Although he reads the book out of boredom, it turns out quite helpful. This reflects how lack of initiatives blinds humans to opportunities. In “1944 the Year | Learned to Love a German”, the author projects a period when smoking was not yet considered a health hazard but rather a symbol of manhood. Nonetheless, it raises an issue, should a 13-year-old boy be using pipe? (Richler). Although it was socially right at the time, it no doubt presents a conflict between morals and culture. At the time though, smoking pipe was considered to be a symbol of manhood.
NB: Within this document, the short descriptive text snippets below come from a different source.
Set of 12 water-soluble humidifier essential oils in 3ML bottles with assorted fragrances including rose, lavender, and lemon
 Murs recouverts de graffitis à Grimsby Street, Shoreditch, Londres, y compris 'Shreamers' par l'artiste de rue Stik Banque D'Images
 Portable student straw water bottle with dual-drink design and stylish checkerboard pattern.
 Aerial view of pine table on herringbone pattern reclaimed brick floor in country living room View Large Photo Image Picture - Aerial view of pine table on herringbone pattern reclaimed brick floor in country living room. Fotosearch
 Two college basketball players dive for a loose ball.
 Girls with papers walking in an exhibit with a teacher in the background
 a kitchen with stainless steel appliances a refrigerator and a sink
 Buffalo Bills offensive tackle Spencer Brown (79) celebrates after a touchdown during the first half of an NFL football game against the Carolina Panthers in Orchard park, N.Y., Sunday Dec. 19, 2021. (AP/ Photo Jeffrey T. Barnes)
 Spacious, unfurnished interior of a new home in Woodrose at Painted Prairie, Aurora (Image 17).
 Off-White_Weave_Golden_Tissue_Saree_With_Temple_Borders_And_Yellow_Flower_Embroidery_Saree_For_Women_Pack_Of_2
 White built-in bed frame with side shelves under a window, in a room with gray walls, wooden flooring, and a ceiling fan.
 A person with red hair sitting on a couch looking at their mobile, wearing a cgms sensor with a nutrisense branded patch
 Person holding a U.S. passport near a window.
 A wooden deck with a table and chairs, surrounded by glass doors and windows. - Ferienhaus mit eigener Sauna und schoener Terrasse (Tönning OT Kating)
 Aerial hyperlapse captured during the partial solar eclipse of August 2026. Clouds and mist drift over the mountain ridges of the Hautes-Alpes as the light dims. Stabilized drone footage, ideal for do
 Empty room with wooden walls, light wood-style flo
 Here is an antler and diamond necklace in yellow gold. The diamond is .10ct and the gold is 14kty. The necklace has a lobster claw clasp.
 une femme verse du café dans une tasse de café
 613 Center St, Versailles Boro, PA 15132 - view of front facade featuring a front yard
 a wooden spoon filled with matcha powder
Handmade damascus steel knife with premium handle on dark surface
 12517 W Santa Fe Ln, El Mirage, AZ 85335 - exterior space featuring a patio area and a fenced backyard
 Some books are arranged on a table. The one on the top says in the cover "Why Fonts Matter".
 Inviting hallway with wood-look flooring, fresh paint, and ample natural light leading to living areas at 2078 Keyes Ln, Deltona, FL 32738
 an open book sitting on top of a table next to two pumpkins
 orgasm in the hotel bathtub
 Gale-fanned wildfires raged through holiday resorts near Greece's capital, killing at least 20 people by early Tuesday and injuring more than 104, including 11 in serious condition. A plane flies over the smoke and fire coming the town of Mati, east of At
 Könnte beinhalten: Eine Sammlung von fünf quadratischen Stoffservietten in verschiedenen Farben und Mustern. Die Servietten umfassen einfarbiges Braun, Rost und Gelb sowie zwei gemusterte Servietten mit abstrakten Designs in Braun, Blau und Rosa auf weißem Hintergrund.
In reinforcing the role of culture, Germans had a complete culture of their own. “When Hitler came to power in 1933 he had burned all of Erich Maria Remaque’s books. Hitler had grasped that novels could be dangerous” (Richler 158). In fact, they were trying to change the entire world’s culture. In essence, the author emphasizes the role of culture in shaping human character and beliefs. The same is replicated with the grandmother’s recognition that culture plays a major role in shaping a person really is. You’ve got good blood! I know you wouldn’t shoot a lady! I know you come from nice people! ” (O’Connor 32). However, the Misfit’s action proves otherwise. As a matter of fact, it shows that one’s culture is not necessarily definitive of his personality.
In essence, just as affirmed in “1944 the Year I Learned to Love a German” by the author that says, “I never expected that a mere novel, a stranger’s tale, could be dangerous, creating such turbulence in my life, obliging me to question so many received ideas (Richler 157). Then, uses some examples how he remembers the novel didn’t seem to be written, and instead move along. In sum, the two novels reveal what stories presents to readers. As a matter of fact, stories emerge as a powerful communication tool in addition to depicting how cultures and individuals view certain situations and should desist from making premature judgments. Many people ways of viewing situations are different, and both authors explained and expressed how they viewed situations differently makes the story serious.